* **Brief**: Repeat exactly the lines that begin at the one containing "Galaxy A55 Kılıf" and end at the final line of the records; include no pictures and nothing else.

* **Exercise input**:
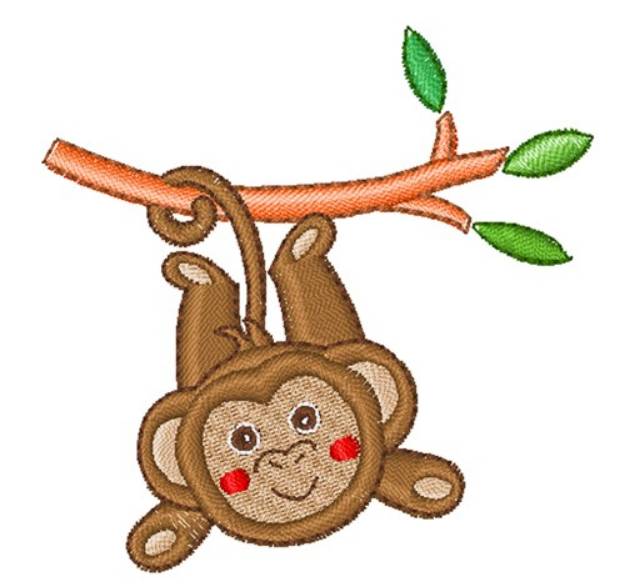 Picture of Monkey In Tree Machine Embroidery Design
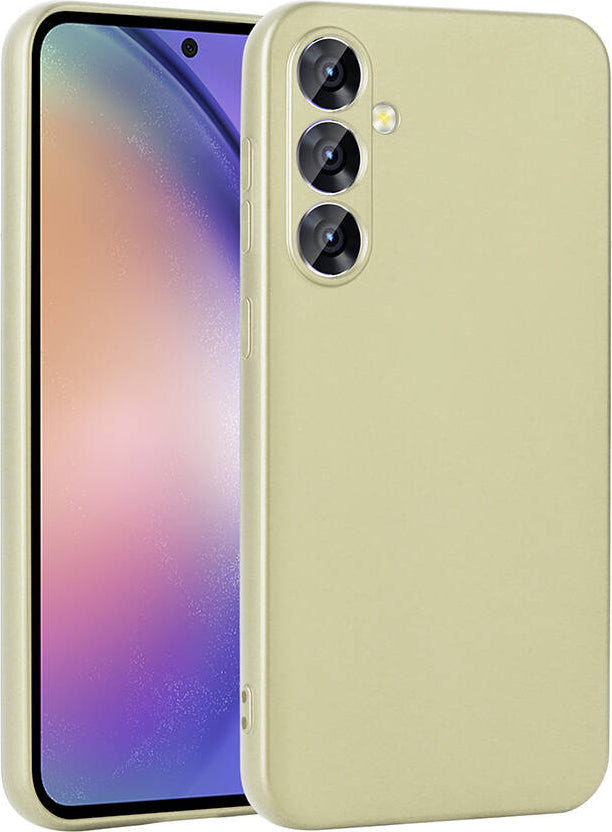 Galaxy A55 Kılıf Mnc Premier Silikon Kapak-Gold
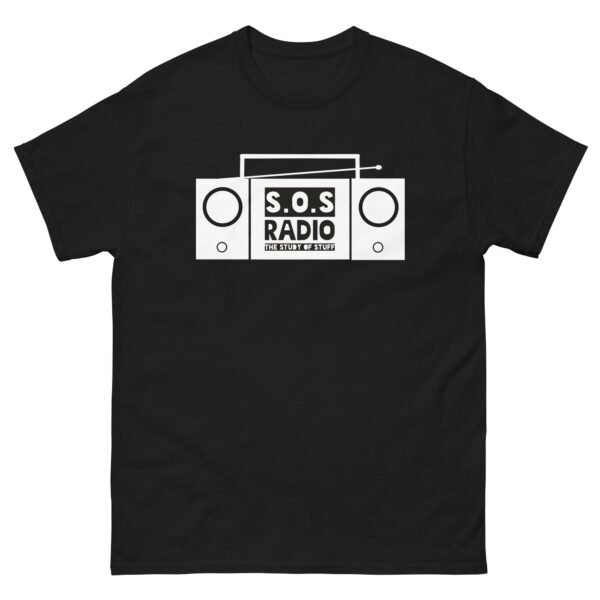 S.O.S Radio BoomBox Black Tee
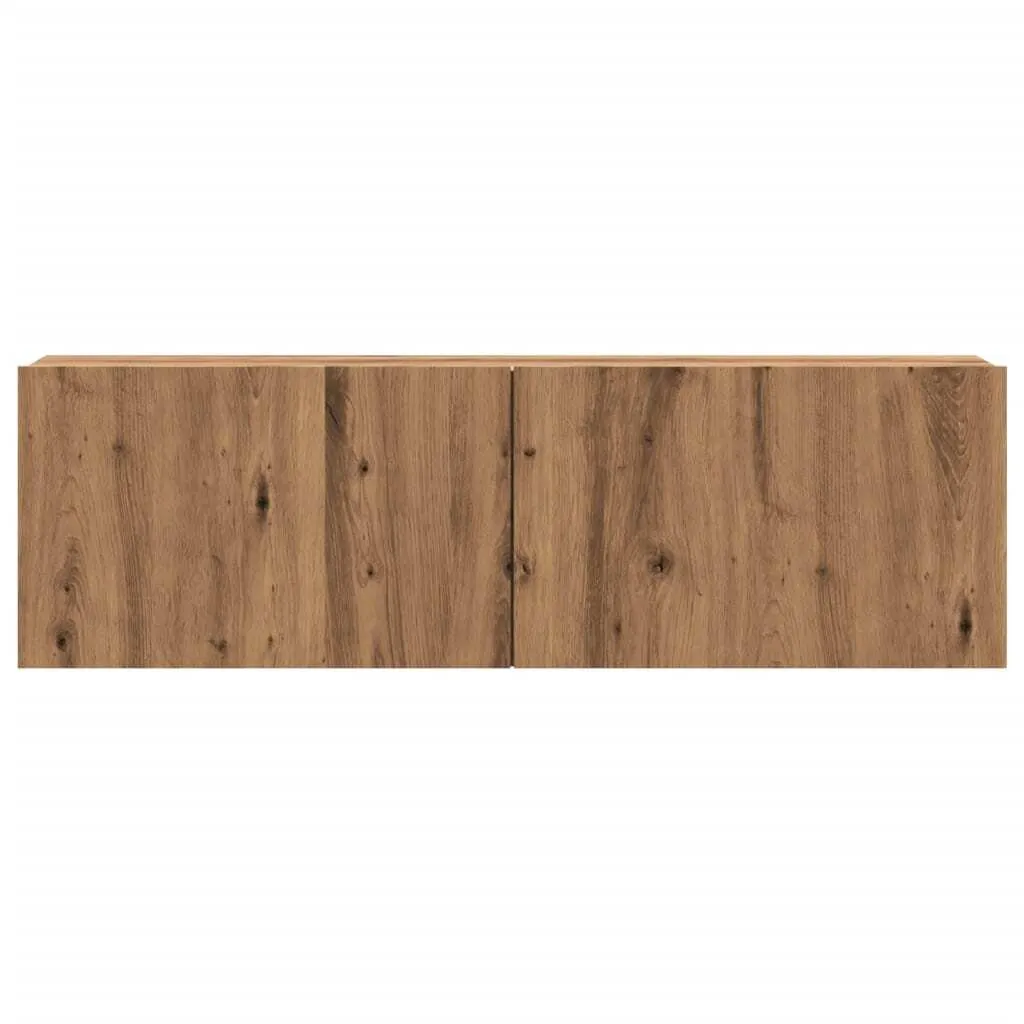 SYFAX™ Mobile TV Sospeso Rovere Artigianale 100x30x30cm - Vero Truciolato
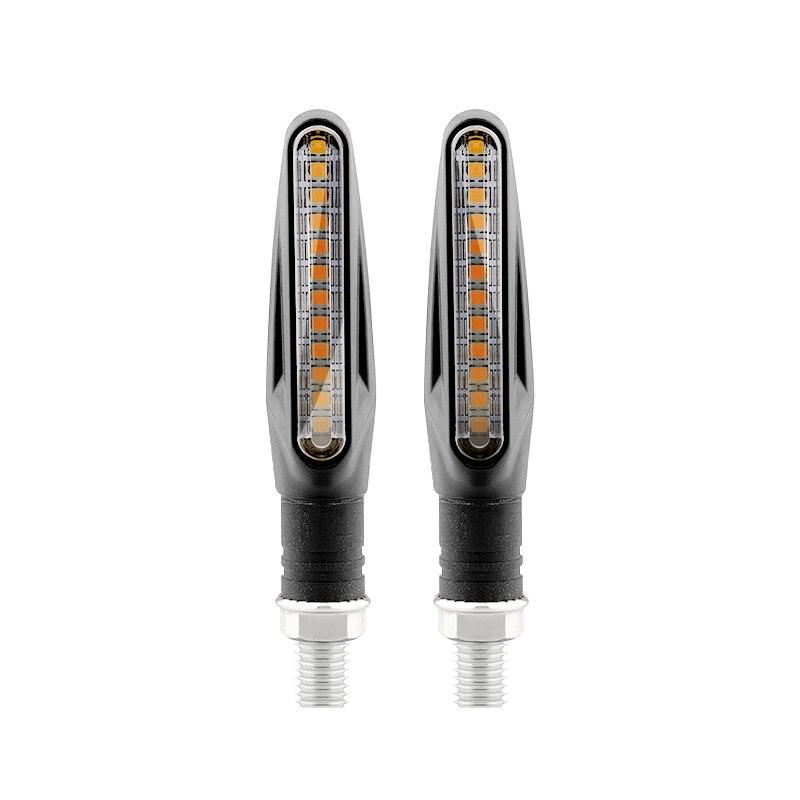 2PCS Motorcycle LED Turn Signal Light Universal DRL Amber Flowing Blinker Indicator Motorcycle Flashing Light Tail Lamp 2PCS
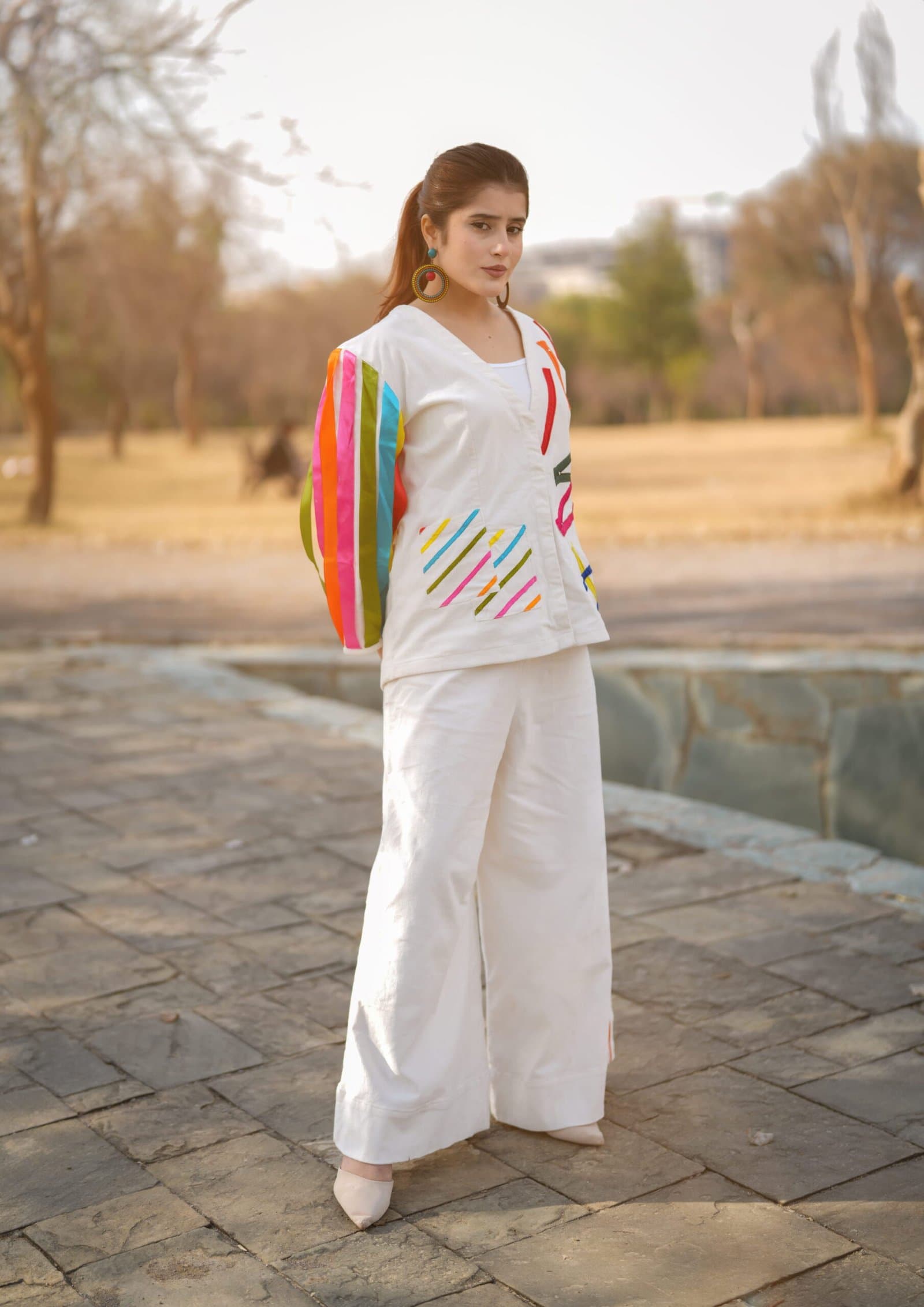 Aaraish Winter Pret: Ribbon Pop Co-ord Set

* **Task solution**:
 Galaxy A55 Kılıf Mnc Premier Silikon Kapak-Gold
 S.O.S Radio BoomBox Black Tee
 SYFAX™ Mobile TV Sospeso Rovere Artigianale 100x30x30cm - Vero Truciolato
 2PCS Motorcycle LED Turn Signal Light Universal DRL Amber Flowing Blinker Indicator Motorcycle Flashing Light Tail Lamp 2PCS
 Aaraish Winter Pret: Ribbon Pop Co-ord Set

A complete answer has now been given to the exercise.